Ahem. Stuff happened. It was fun.

The superh design was a historical sweet spot, where enough history had
passed that we finally had a simple and powerful design, but before die
shrinks had advanced to the point of pad limiting and thermal throttling
where people were making enormous unrolled pipelines and such
desperately trying to soak up the transistor budget and turn it into
performance, and spread the power consumption out so the heat sinks
didn't melt. We're cycling back around to where we've learned the
lessons of the Itanic and Pentium 4 and are returning to OLDER designs
(like the Pentium M did circa 2005) where we didn't know where the local
peak was until we'd overshot it...

Rob

P.S. Ask me about VLIW if that's not already covered in the stuff I
linked to, that's probably worth understanding.

Ah, you have a PS:

> BTW, I also perused the programmers guide, and one thing struck me.
> The assembly code for the SH looks a bit like 68K assembly. They even hint
> at this with mentions of "Other CPU" in the beginning of the document.
> The fact that it is 16 registers and uses a 16 bit instruction format
> furthers that notion.
> Yet, I couldn't find a mention of that anywhere.

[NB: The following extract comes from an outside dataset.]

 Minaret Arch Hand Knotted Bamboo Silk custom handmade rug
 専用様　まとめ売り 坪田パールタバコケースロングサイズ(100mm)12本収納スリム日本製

I vaguely recall there was some sort of politics or procurement thing
where Hitachi engineers were going to make a product using a 68k at one
point, and then didn't because of lawyers or royalties or somebody
insulted somebody's dog or whatever reason, and they did their own
processor instead? (What've I heard thirdhand because engineers said
things to other people over beer and what I can officially source are
two different things.)

Keep in mind Motorola's offensive lawyers are the reason IBM didn't go
with Motorola for the PC either. I might or might not have covered that
in these two computer history blog entries years ago:

  http://landley.net/notes-2010.html#17-07-2010
  http://landley.net/notes-2010.html#19-07-2010

If not, there's probably a mention of it somewhere under:

  http://landley.net/history/mirror/

(I _know_ it's covered in "triumph of the nerds", which was on youtube
last I checked.)

It reminds me of how SEI made a go of Leon Sparc first and then decided
_not_ to tape out an ASIC of it (because of the code density issue) and
instead did a new design from scratch (in this case also compatible with
an existing instruction set, just a different one). In both cases,
"there's already something that works, but we can do a better job"...

Rob